Page 45 of The Lilac River

"No!" I spluttered.

She laughed. "Well, something happened. You look thoroughly wrecked."

Before I could respond, Delaney rang the bell behind the bar and announced a birthday, and the whole place erupted into a messy, drunken rendition of Happy Birthday. It gave me a second to breathe.

When I dared glance back, Nash’s dark gaze caught mine across the room before he looked away sharply. My heart sank.

"Lily," Cassidy said, pulling me back. "Forget the cowboy and tell me everything."

I dropped my forehead into my hand. "We kissed."
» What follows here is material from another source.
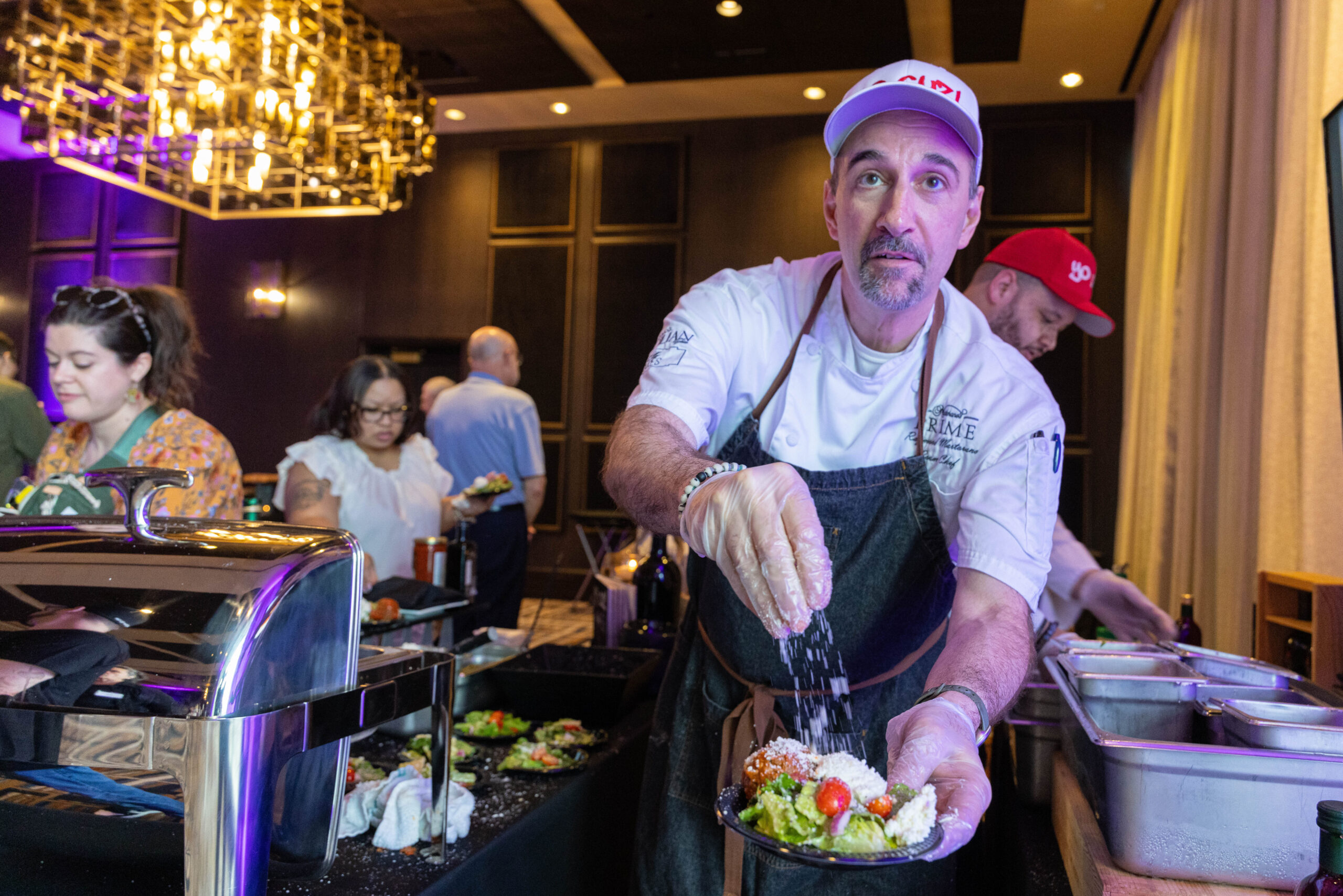 A chef sprinkles cheese on a salad while looking at the camera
"No shit!" She refilled my glass immediately. "Tell me it was amazing."

"It was..." I sighed, looking down into my wine. "It was everything."

Her grin was huge. "And then what happened?"
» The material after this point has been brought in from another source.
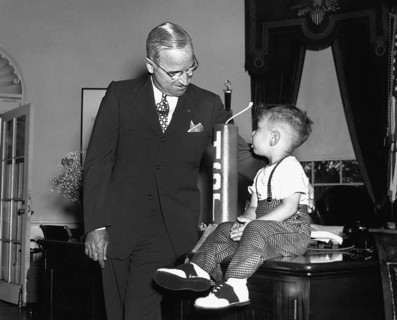 U.S. President Harry S. Truman chatting with Michael Dene Condatore in the White House Oval Office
"Then it got ugly," I said quietly. "He said some awful things. I said some awful things."

Cassidy winced in sympathy. "He’s mad, huh?"

"Beyond mad."

"And you still want him," she said.

I squeezed my eyes shut. "I don't know."

But I did. I always had.

Across the room, Nash laughed at something Wilder said, but even that small crack of light couldn't hide the way he kept sneaking looks at me. That same gut-wrenching ache bloomed fresh in my chest.
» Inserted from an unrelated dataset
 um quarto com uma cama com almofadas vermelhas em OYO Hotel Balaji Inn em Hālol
Cassidy raised her glass. "Well, if we can’t fix the past tonight, we can at least get drunk enough to forget it for a few hours."

"Sounds like a plan," I muttered.

And so, we drank. And for a little while, it almost worked.

But even with laughter bubbling around me, even with Cassidy doing her best to distract me, I could feel his gaze. I felt the fracture in my soul widening with every minute that passed.

And worst of all, I didn’t know if I wanted it to stop. Despite everything at stake.

Chapter 18

Runaway – The Killers

Nash

"What the hell is going on over there?" I ground out, dropping my chair back onto all four legs with a thud loud enough to make Wilder raise an eyebrow.

Across the bar, Lily was laughing with Cassidy, pool cue in hand, her whole face lit up in a way I hadn’t seen in ten years. It was that kind of laugh, the kind that curled into your ribs and made a home there. She bent over the table, her hips swaying slightly as she lined up a shot, that damn bronze-colored shirt clinging to every line of her body. Delaney leaned closer, too close, his hand hovering near hers like he had any goddamn right.

"I think Del is gonna give her a few pointers," Wilder smirked, his beer bottle pausing halfway to his mouth. There was amusement in his eyes, the kind that made me want to knock the grin right off his face.

Delaney didn’t need to give her any damn pointers. I’d shown her how to play pool in the basement of a house party we went to in high school. I’d shown her how to play pool and then made her come all over my hand in the family bathroom.

And if fucking Delaney shifted his hips just an inch closer, I was going to plant his ass straight through the wall.

"Relax," Wilder drawled. "It’s just a game of pool."